PARQUET-1346: [C++] Protect against empty Arrow arrays with null values
Author: Antoine Pitrou <antoine@python.org>
Closes #474 from pitrou/PARQUET-1346-null-values and squashes the following commits:
08bad23 [Antoine Pitrou] Do not ignore return value
a1c0378 [Antoine Pitrou] Fix uninitialized value
dfb42d2 [Antoine Pitrou] Try to fix lint
b514d0d [Antoine Pitrou] Try to fix compile failures on Travis-CI (due to old Arrow?)

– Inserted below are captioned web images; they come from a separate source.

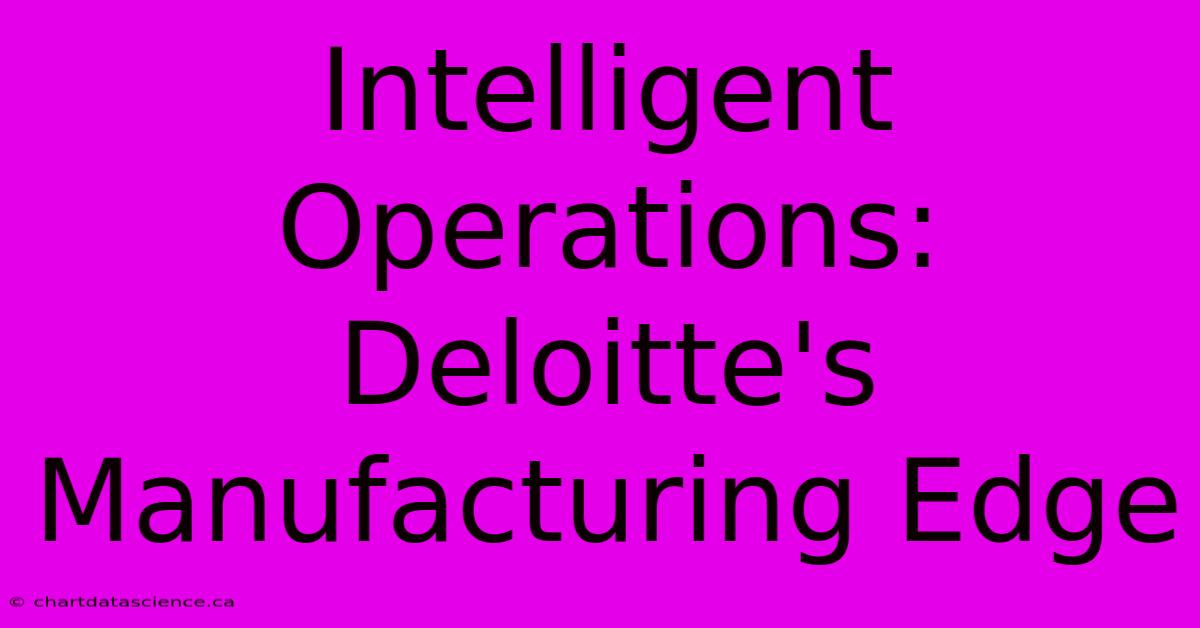 Intelligent Operations: Deloitte's Manufacturing Edge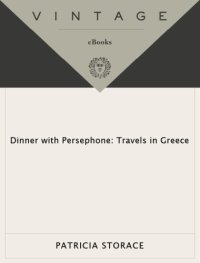 cover of the book Dinner with Persephone: Travels in Greece  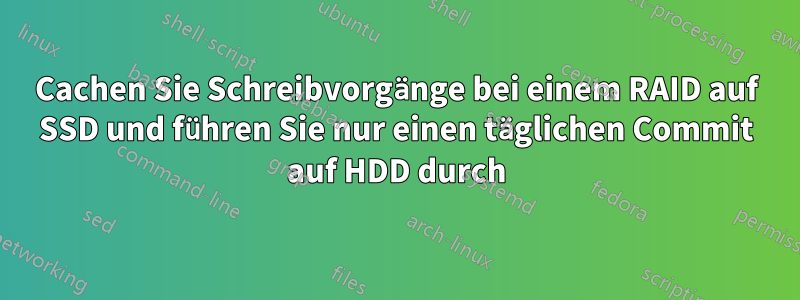 Cachen Sie Schreibvorgänge bei einem RAID auf SSD und führen Sie nur einen täglichen Commit auf HDD durch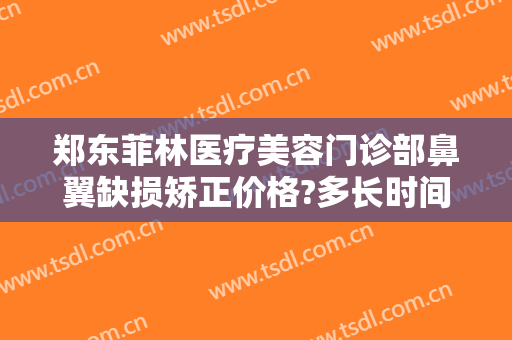 郑东菲林医疗美容门诊部鼻翼缺损矫正价格?多长时间恢复?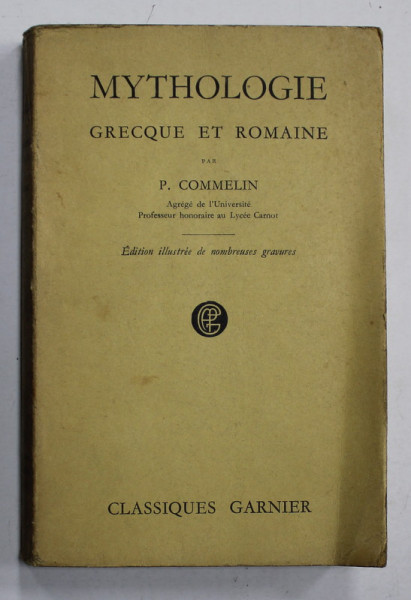 MTYHOLOGIE GRECQUE ET ROMAINE par P. COMMELIN , 1956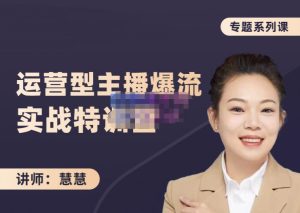 慧慧：月销千W运营型主播实战技能，10小时超详细讲解主播 运营-克用笔记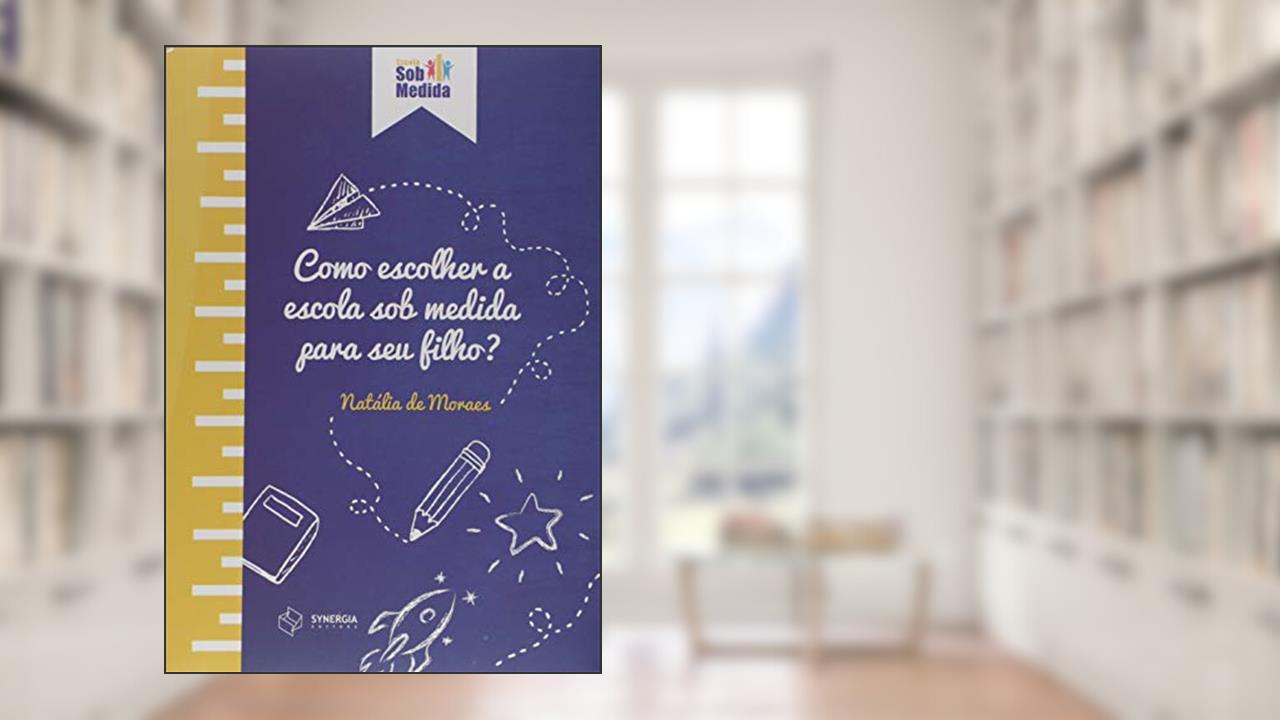 Capa de Como Escolher a Escola Sob Medida Para o Seu Filho, do autor Natália Gonçalves De Moraes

3951f25 [Antoine Pitrou] PARQUET-1346: [C++] Protect against empty Arrow arrays with null values
diff --git a/src/parquet/arrow/arrow-reader-writer-test.cc b/src/parquet/arrow/arrow-reader-writer-test.cc
index 6d7e1eb..e0ff7aa 100644
--- a/src/parquet/arrow/arrow-reader-writer-test.cc
+++ b/src/parquet/arrow/arrow-reader-writer-test.cc
@@ -536,6 +536,13 @@
*out = MakeSimpleTable(lists->Slice(3, size - 6), nullable_lists);
}
+ // Prepare table of empty lists, with null values array (ARROW-2744)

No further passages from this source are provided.